If the structure is small I simply convert it into a dictionary and manipulate the structure using the dictionary keys and then recreate the pandas structure.

If the structure is large I do an explicit test for the index (row) and then decide whether to append or replace.


Thursday, August 8, 2013

DSLR vs compacts/micro four thirds

I'm what the marketing department at camera companies call an 'enthusiast'. Previously I would be called an amateur, but I guess 'enthusiast' doesn't have the stigma of 'clueless' that amateur now has. I don't make money of photos and I take photos for pleasure and for memories.

I bought my DSLR when DSLR prices were plunging off a cliff, that is after all the professionals had subsidized sensor and lens development. I bought the D40. I got a DSLR for the following characteristics:
  1. Low shutter lag. This was probably the biggest deal for me. I like to capture the fleeting expressions on human faces and the compact was very frustrating with the long lag between focusing and then taking the picture.
  2. Good low light performance. The D40 works just fine for me upto 1600 ISO. ISO 3200 is very noisy and adding a nice prime lens that goes out to f1.8 added a lot of artistic scope and improved low light performance.
The downside of even a small DSLR like the D40 is that it is large and conspicuous and not that quick to whip out when you need it.

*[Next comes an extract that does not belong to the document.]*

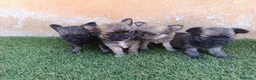 Chihuahua perros en venta: chihuahua pelo largo - Anuncio 3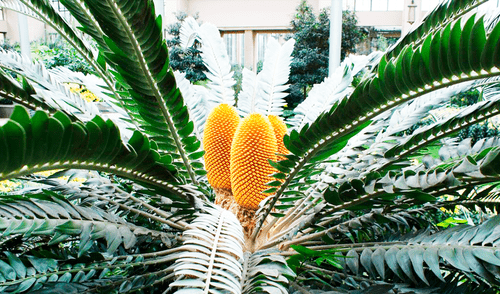 la planta más solitaria del mundo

This has turned my attention to the micro four thirds family. The larger sensor sizes are a great step up from compacts, but the form factors are so small! They also have interchangeable lenses.

Shutter lag is still a concern, but one thing I realised after using the D40 is that in low light (when a lot of my people portraits are done, round dinner tables and indoors) I have a long effective shutter lag because the focusing in low light is an issue.

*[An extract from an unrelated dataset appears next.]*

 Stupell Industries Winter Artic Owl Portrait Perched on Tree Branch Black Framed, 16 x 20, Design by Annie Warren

What I depend a lot on in such situations is to focus on a sharp edge and then shoot a burst. Instead of waiting for the right moment, I estimate when the moment is going to come up and then hope that one of the images in the burst will carry the hidden expression.

The new 4/3 cameras I am seeing do bursts, do better ISO than the D40, are smaller/lighter AND they do movies, so I'm pretty sure my next camera is not going to be the D5100 (I was waiting for the price to drop steeply, or to find a refurbed one) but rather one of the 4/3s family.

UPDATE: I just found Thom Hogan's guide to m4/3. The guide is very useful.